Emilie Bouchereau et Béatrice Agenin(c) Cédric Vasnier

C'est une première à double titre ! Il y a quelques jours au Petit Montparnasse à Paris, la comédienne Béatrice Agenin et la chanteuse et musicienne Emilie Bouchereau ont offert,  la primeur de leur spectacle à découvrir au Festival Off d'Avignon cet été. Et, si l'idée leur trottait dans la tête depuis un moment, la mère et la fille n'avaient jamais partagé une même scène.

Présenté comme une fantaisie "Notre petit cabaret", imaginé par ce duo inédit alterne sketches, lectures poétiques et chansons. 

On connaît la carrière de Béatrice qui a joué les grands rôles du répertoire de la Comédie Française avant de se tourner, avec succès, vers le théâtre privé (elle a notamment reçu un Molière en 2020 pour son rôle dans "Marie des Poules, gouvernante chez George Sand" de Gérard Savoisien) le cinéma et la télévision. Quant à Emilie,  vêtue d'une longue robe en lamé rouge, elle s'impose d'emblée avec une belle interprétation de "Fever", tandis que sa malicieuse maman, cachée derrière un paravant, agite des pancartes sur lesquelles ont peut lire la traduction.  Puis la comédienne enchaîne, en français, comme elle le précise, avec le poème "On n'est pas sérieux quand on a 17 ans" d'Arthur Rimbaud. 

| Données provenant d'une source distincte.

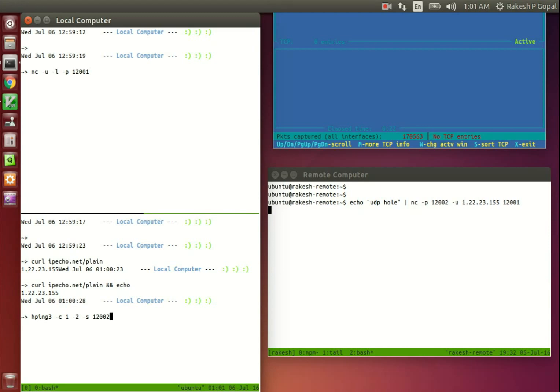Now we get to the clever trick part, and it is surprisingly simple. We will be sending UDP packets from the local computer to the remote. For this we will be using a very simple but powerful tool, HPing.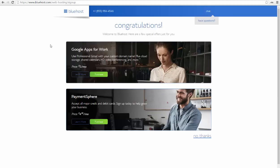After you click the submit button, soon you'll be transferred to this page where it's written congratulations, welcome to Bluehost. Here you have to click no thanks.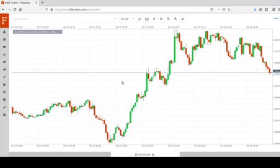Hello everyone! In this video, let's learn how to add a chart. There are two approaches to add a chart into the window.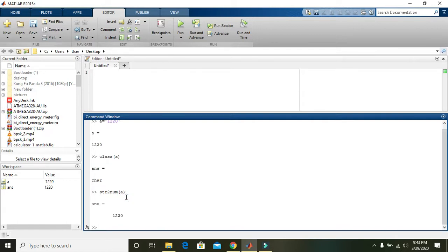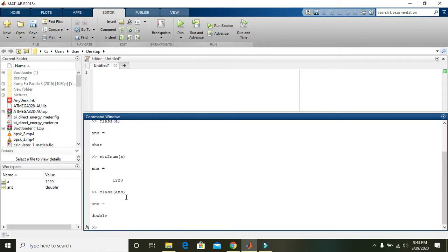And we got the answer as 1220. So we can find this type with the command class, that is class of answer, and we can say that it is double.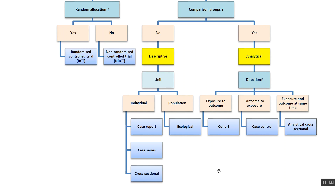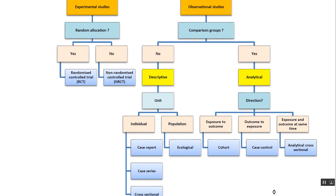If we are studying all cases at one point in time, it is a cross-sectional study. For analytical studies, we ask about the direction: exposure to outcome is a cohort study, outcome to exposure is a case-control study, and both at the same time is the analytical version of cross-sectional. This flowchart is very important as it answers many MCQs and helps in designing research studies.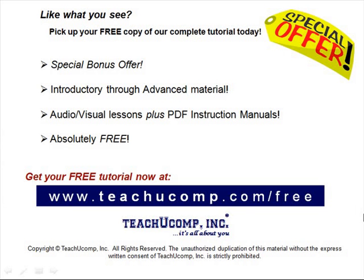Like what you see? Pick up your free copy of the complete tutorial at www.teachucomp.com/free.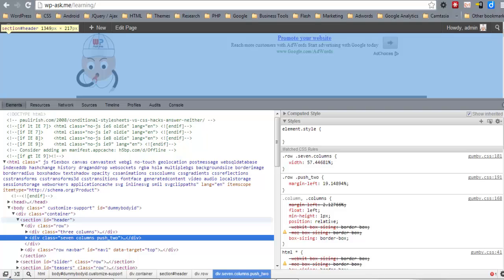An element should only have one ID on a page. You can have multiple classes, but only one ID. So by targeting the ID 'header', there won't be any conflicts.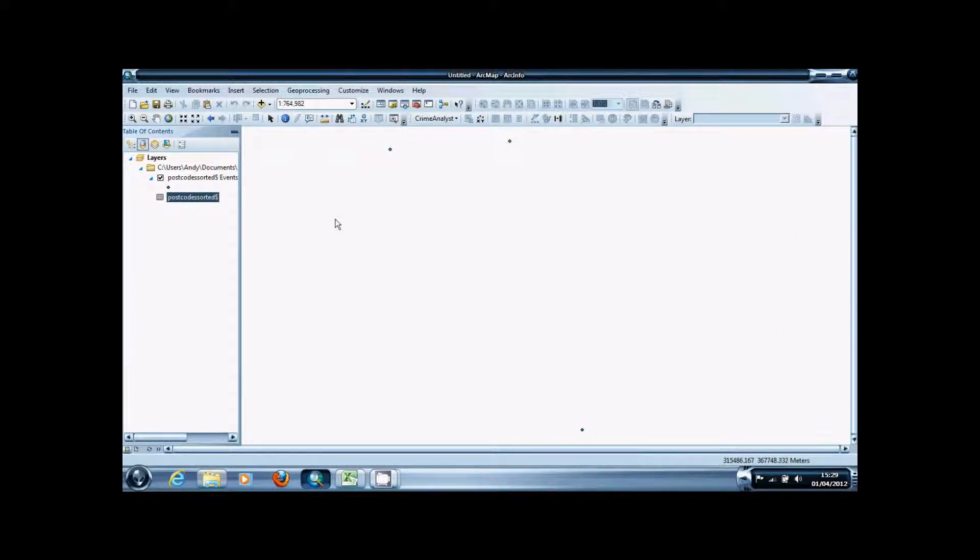I hope this has been useful to you and given you an insight into what GeoConvert can do. It does have some other features so it's definitely worth playing around with.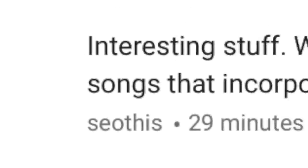Seothis writes: I wonder if you've heard James Blake's song Limit to Your Love. It uses an annoying low-frequency sound really beautifully to create a sense of release when it stops playing. I'd like to hear more songs that incorporate this. Man, this tune is so great — thank you for bringing it up. It's actually a cover; Feist did it originally and her version is quite different but also really good. I really like this tune because it inspired me after I got fired from that off-Broadway show when I was first getting into electronic music. That low tremolo sub-bass is insane.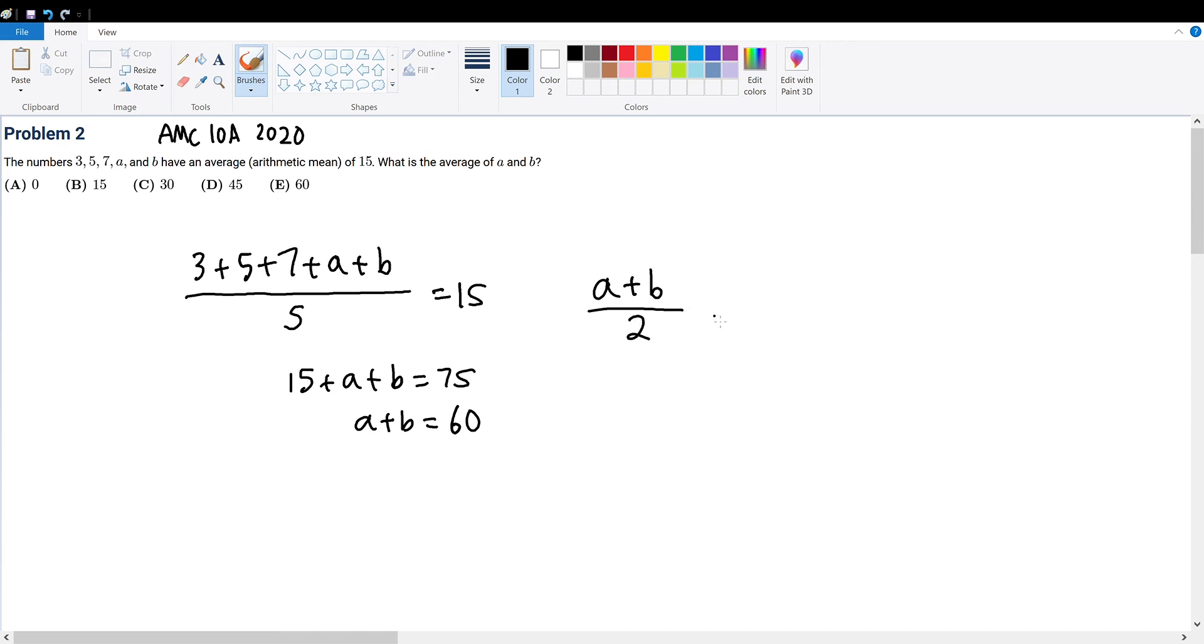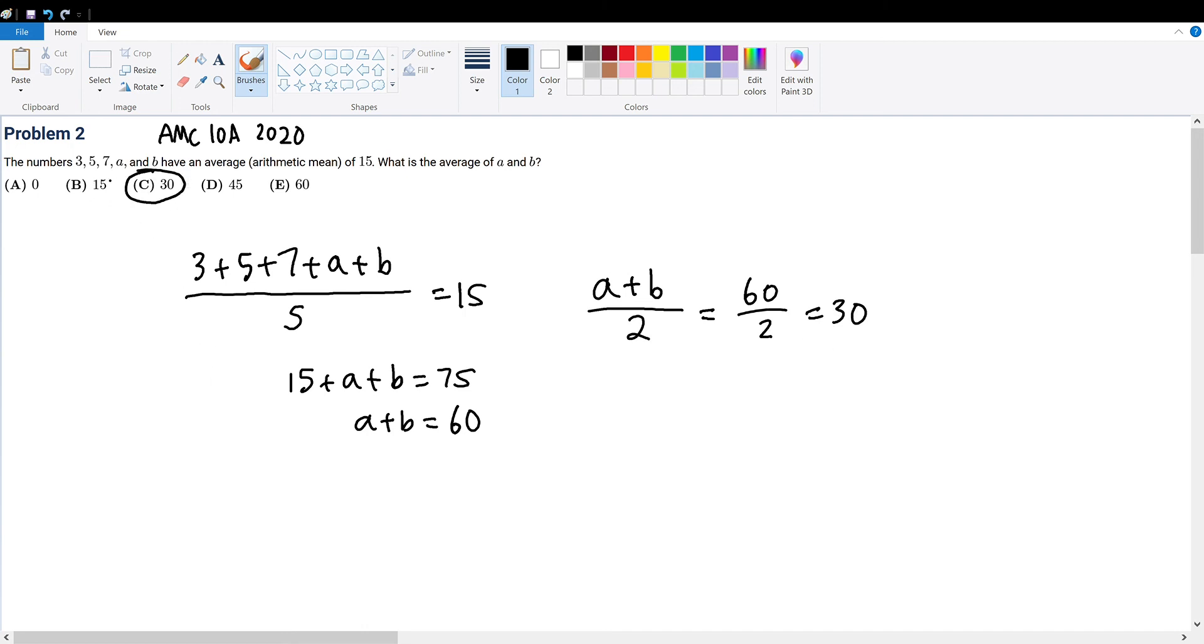Since we divide 2 on the left-hand side of the equation, we must divide 2 on the right-hand side to get A plus B over 2 equals 60 over 2. And this is equal to 30, which means that the arithmetic mean is answer choice C with 30.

Béatrice Agenin (c). Cédric Vasnier


Un spectacle qui parle de souvenirs d'enfance, d'amour, de poésie, du Prince Charmant qui n'appelle jamais au bon moment.. Entre des reprises de Cole Porter ou Barbara, Emilie Bouchereau (alias Milo) nous régale de compositions personnelles tandis que Béatrice Agenin nous fait passer du rire à l'émotion avec des vers de Verlaine, la lecture d'une lettre de Colette, quelques pas de danse avec un homme en mousse, une décapante version du fameux "Tango stupéfiant"... Cédant aux délirantes exigences d'un metteur en scène, lors  d'une parodie d'audition, elle va même jusqu'à faire du rap sur Phèdre ! Un exercice inattendu pour celle qui a notamment incarné le personnage de Roxane, aux côtés de Jean-Paul Belmondo dans Cyrano de Bergerac. Coup de chapeau également aux facétieux musiciens Anthony Debray (percussions) et Simon Fache (piano).  

Et, Lorsque mère et fille se rejoignent  pour chanter "La tendresse" on se dit dit qu'il était grand temps que, surpassant une probable et naturelle pudeur,  elles partagent avec le public un si joli moment de complicité.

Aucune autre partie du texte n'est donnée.